Work instruction » The material below contains a line with "Der MEGA-Jackpot geht" and a line with "17908 Basketball shoes". Copy exactly those two lines and all lines between them.

□ □ □ □ □

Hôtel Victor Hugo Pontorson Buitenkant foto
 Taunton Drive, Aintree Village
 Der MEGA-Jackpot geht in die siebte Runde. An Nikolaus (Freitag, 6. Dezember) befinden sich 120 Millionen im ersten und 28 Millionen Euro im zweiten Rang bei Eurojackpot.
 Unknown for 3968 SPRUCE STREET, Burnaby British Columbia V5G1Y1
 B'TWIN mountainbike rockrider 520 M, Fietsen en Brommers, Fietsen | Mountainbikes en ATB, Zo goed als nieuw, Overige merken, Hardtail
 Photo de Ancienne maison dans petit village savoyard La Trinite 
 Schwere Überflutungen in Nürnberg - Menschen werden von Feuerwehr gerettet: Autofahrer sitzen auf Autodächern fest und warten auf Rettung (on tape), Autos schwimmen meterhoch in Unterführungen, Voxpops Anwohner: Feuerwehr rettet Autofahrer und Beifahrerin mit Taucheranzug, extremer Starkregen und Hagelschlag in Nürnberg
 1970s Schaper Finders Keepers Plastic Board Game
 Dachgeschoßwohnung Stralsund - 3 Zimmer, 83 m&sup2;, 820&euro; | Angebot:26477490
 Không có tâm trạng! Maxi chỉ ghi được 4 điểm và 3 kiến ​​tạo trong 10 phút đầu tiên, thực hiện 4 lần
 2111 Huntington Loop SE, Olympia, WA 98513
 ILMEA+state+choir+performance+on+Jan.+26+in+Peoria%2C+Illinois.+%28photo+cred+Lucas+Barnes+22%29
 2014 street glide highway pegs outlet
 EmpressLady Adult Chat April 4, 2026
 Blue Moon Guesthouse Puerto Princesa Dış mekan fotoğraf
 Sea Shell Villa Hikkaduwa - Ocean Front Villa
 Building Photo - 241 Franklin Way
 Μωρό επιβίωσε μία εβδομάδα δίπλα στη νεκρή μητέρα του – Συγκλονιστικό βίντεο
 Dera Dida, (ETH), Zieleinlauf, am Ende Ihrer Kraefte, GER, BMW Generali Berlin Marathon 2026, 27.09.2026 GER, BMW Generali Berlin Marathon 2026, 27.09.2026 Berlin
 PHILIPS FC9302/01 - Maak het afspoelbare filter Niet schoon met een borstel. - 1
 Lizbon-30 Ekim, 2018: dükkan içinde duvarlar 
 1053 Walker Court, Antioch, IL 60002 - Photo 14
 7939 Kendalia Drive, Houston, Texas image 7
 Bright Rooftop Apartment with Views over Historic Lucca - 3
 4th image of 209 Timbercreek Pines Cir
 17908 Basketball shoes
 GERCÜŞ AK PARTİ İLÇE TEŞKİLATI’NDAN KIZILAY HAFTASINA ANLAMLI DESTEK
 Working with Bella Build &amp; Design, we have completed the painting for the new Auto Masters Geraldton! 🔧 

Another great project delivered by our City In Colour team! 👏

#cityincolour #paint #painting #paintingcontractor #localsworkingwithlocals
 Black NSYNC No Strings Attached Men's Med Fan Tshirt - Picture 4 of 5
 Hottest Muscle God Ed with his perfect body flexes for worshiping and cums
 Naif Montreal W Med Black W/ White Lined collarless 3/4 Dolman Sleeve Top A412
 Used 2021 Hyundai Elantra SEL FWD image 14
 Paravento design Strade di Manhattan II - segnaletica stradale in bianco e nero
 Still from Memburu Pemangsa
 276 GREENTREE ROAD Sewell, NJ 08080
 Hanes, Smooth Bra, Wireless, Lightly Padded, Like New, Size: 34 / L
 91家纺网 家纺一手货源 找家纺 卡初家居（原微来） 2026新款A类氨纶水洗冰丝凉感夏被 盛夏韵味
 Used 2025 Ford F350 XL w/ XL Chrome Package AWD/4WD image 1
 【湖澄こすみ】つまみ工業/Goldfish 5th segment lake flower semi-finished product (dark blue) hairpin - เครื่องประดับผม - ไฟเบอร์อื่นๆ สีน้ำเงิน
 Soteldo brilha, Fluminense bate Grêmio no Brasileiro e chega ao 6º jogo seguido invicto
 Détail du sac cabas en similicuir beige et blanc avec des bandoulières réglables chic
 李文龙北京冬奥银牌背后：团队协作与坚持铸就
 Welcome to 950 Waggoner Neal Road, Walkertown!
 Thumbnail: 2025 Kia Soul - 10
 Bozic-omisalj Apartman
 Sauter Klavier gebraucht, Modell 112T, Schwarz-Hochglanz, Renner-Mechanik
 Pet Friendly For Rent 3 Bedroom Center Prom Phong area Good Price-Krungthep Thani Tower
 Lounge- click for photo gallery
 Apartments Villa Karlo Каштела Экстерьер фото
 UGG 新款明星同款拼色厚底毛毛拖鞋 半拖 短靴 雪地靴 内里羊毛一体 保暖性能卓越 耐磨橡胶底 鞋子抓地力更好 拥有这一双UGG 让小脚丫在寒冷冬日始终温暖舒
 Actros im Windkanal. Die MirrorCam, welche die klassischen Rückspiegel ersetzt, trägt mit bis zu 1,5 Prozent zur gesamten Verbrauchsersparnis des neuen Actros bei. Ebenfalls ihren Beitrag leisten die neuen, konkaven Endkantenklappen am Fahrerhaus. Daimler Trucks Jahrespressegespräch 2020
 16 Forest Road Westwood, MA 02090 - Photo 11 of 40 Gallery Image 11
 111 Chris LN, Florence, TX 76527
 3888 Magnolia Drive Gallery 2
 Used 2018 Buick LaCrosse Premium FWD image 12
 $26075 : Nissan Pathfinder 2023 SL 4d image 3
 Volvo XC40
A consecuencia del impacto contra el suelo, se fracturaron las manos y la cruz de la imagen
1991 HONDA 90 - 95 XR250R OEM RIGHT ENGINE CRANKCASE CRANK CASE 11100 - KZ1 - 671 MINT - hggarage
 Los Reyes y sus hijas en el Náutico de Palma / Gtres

□ □ □ □ □

Answer to the exercise »
 Der MEGA-Jackpot geht in die siebte Runde. An Nikolaus (Freitag, 6. Dezember) befinden sich 120 Millionen im ersten und 28 Millionen Euro im zweiten Rang bei Eurojackpot.
 Unknown for 3968 SPRUCE STREET, Burnaby British Columbia V5G1Y1
 B'TWIN mountainbike rockrider 520 M, Fietsen en Brommers, Fietsen | Mountainbikes en ATB, Zo goed als nieuw, Overige merken, Hardtail
 Photo de Ancienne maison dans petit village savoyard La Trinite 
 Schwere Überflutungen in Nürnberg - Menschen werden von Feuerwehr gerettet: Autofahrer sitzen auf Autodächern fest und warten auf Rettung (on tape), Autos schwimmen meterhoch in Unterführungen, Voxpops Anwohner: Feuerwehr rettet Autofahrer und Beifahrerin mit Taucheranzug, extremer Starkregen und Hagelschlag in Nürnberg
 1970s Schaper Finders Keepers Plastic Board Game
 Dachgeschoßwohnung Stralsund - 3 Zimmer, 83 m&sup2;, 820&euro; | Angebot:26477490
 Không có tâm trạng! Maxi chỉ ghi được 4 điểm và 3 kiến ​​tạo trong 10 phút đầu tiên, thực hiện 4 lần
 2111 Huntington Loop SE, Olympia, WA 98513
 ILMEA+state+choir+performance+on+Jan.+26+in+Peoria%2C+Illinois.+%28photo+cred+Lucas+Barnes+22%29
 2014 street glide highway pegs outlet
 EmpressLady Adult Chat April 4, 2026
 Blue Moon Guesthouse Puerto Princesa Dış mekan fotoğraf
 Sea Shell Villa Hikkaduwa - Ocean Front Villa
 Building Photo - 241 Franklin Way
 Μωρό επιβίωσε μία εβδομάδα δίπλα στη νεκρή μητέρα του – Συγκλονιστικό βίντεο
 Dera Dida, (ETH), Zieleinlauf, am Ende Ihrer Kraefte, GER, BMW Generali Berlin Marathon 2026, 27.09.2026 GER, BMW Generali Berlin Marathon 2026, 27.09.2026 Berlin
 PHILIPS FC9302/01 - Maak het afspoelbare filter Niet schoon met een borstel. - 1
 Lizbon-30 Ekim, 2018: dükkan içinde duvarlar 
 1053 Walker Court, Antioch, IL 60002 - Photo 14
 7939 Kendalia Drive, Houston, Texas image 7
 Bright Rooftop Apartment with Views over Historic Lucca - 3
 4th image of 209 Timbercreek Pines Cir
 17908 Basketball shoes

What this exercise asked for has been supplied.